This Article questions a persistent and pervasive view about the proper objective of corporate governance: that managers should favor long-term shareholders over short-term shareholders and aim to increase long-term shareholder value rather than the short-term stock price. This view is widely shared by leading academics, executives, corporate lawyers, and judges. (1) It is also at the heart of recent reform proposals--in the United States, the United Kingdom, and elsewhere--to give long-term shareholders more power over public companies. (2)

The persistence of this view derives from a widely held and appealing intuition: because managers serving short-term shareholders may destroy economic value to boost the short-term stock price, managers serving long-term shareholders will necessarily generate more economic value over time (a bigger "pie"). The problem with this intuition is that it is wrong, at least for the typical U.S. firm that transacts in (buys and sells) a large volume of its own shares. (3) Yes, managers serving short-term shareholders might destroy economic value to boost the short-term stock price. But in a transacting firm, managers serving long-term shareholders might also destroy economic value to boost the long-term stock price.
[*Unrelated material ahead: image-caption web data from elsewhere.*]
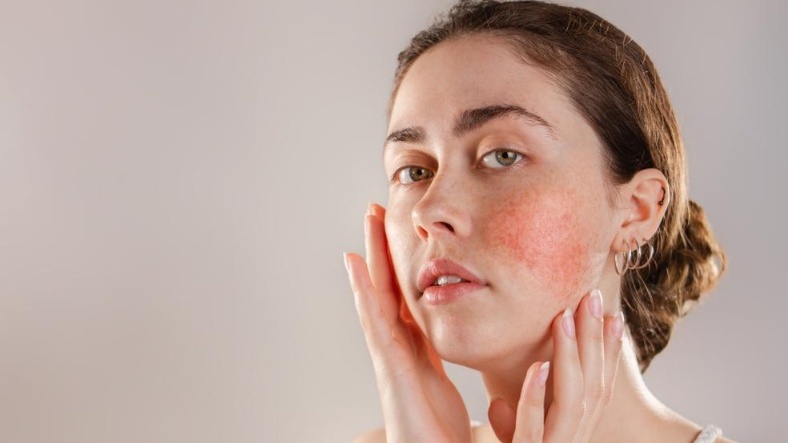 Ba mẹ thắc mắc vết chàm có di truyền không? 1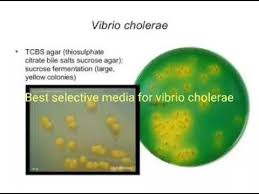 Tcbs agar is highly selective for the isolation of v. Tcbs Selective Culture Media For Vibrio Cholerae Youtube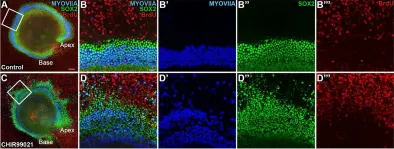 Fig.1.A showing Immunofluorescence in a Mus musculus (House mouse) sample from the publication: Transcriptional response to Wnt activation regulates the regenerative capacity of the mammalian cochlea.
In fact, long-term shareholders may well benefit more from value destruction than will short-term shareholders. Therefore, favoring long-term shareholders in the typical firm could, paradoxically, reduce the size of the pie created by the firm over time.

A firm's directors and CEO (collectively, its "managers") have at least some incentive to serve shareholders' interests, even if they are not completely faithful agents of the firm's shareholders. How managers respond to this incentive will depend, in part, on shareholders' time horizons. If short-term investors exert greater influence on managers than do long-term shareholders, then managers can be expected to focus on increasing the short-term stock price rather than long-term shareholder value. If long-term shareholders are more powerful than short-term shareholders, then managers can be expected to focus less on the short-term stock price and more on increasing long-term shareholder returns. (4)

Much attention has been focused on the potential problems that can arise when a firm's investor base consists largely of short-term shareholders. (5) In particular, managers seeking to serve short-term shareholders may engage in "short-termism": taking steps that boost the short-term stock price but reduce the economic value created by the firm over the long term. The cost of short-termism is borne by other parties, including long-term shareholders (if any) and future shareholders who purchase shares in the short term. (6)

Short-termism has long been considered a major problem for publicly traded U.S. firms. For decades, legal academics, (7) business school professors, (8) executives, (9) 10 and corporate lawyers (10) have decried the potentially perverse interests of short-term shareholders. The recent financial crisis, which many blame on the influence of short-term shareholders, has renewed and intensified criticism of these investors. (11)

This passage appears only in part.